Setting up your local dbt run environments

As an analytics engineer on Fishtown’s professional services team, I spent the past year working on 10 different dbt projects for customers. I wrote the following guide to help our team easily switch back and forth between dbt versions. There were times when I was working on 2-4 different projects at once and it was cumbersome to operate in an “all or nothing mentality” regarding which dbt version I could work on. I also wanted to help make it easier to test out beta releases of dbt without having to fully commit to using the beta for every project I was actively working on.

I wanted to share this document with you all since it might help your team if you’re managing multiple dbt projects as well, or you’d like to easily test beta releases and keep up with the latest and greatest that dbt has to offer!

TLDR

  • If you’ve ever wanted to get multiple versions of dbt running in your machine (specifically the latest release and maybe the latest pre-release - beta or rc) then you’ve come to the right place!

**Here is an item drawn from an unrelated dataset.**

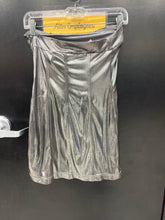 Load image into Gallery viewer, NWT Urban Outfitters ( U ) Dress Size Small
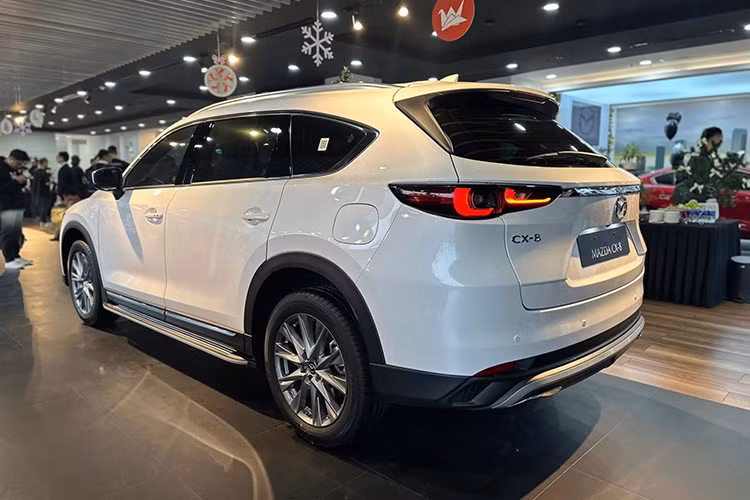 Phiên bản Signature AWD đặc biệt được bổ sung trong lần nâng cấp này mang đến nhiều tùy chọn hơn cho khách hàng doanh nhân với phong cách lịch lãm và khả năng vận hành mạnh mẽ. Xe cũng đi kèm với chính sách bảo hành lên đến 05 năm hoặc 150.000 km giúp người dùng yên tâm hơn khi sử dụng trong thời gian dài.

  • This guide will help you get set up with 2 virtual environments (using venv):

    1. dbt - latest official release
    2. dbt-beta - latest pre release
  • This will help your team:

    1. standardize development experience - no more “this works on mine but idk why it doesn’t work on yours” problem
    2. easily upgrade and manage local dbt versions - this should make it easier to both beta test new releases and easily swap back to existing stable releases when bugs are discovered

Why should I bother?

What are Virtual Environments?

Real Python does a great job at explaining what virtual environments are and why we need them in this primer (feel free to loop back to this later):

Python Virtual Environments: A Primer - Real Python

For now, the most important takeaway here is the concept of project isolation. Being able to isolate your projects allows you to install and handle multiple, potentially conflicting, package versions in one machine at the same time.

How will using Virtual Environments help your team?

In the same vein as having code style guides, organizing project directories consistently (using a ~/dev/ directory), and version controlling analytics, this is just another way to aid in improving the developer experience and preventing unexpected code breakage. Here are a couple ways it could benefit your team:

  1. Everyone will have the exact same local installation of dbt, in an isolated environment, guaranteeing consistency across all your machines. No more “I don’t understand why it doesn’t work on your machine, it works on mine :man_shrugging:
  2. You can now easily hot swap between dbt versions. If you want to run the latest stable release, you can do so, if you want to easily try the same project on beta, you could do so also! All this with much fewer commands than those required to upgrade or downgrade dbt.
  3. We can have a script manage your environments and make updating easy! If everyone has the same environments set up, it makes it really easy for people to build scripts to help manage that across all your machines. (And this is what we did here!) No need to remember to upgrade both the dbt stable release and also the beta, just run a simple command (like dbt-update) and voila, you have both environments updated!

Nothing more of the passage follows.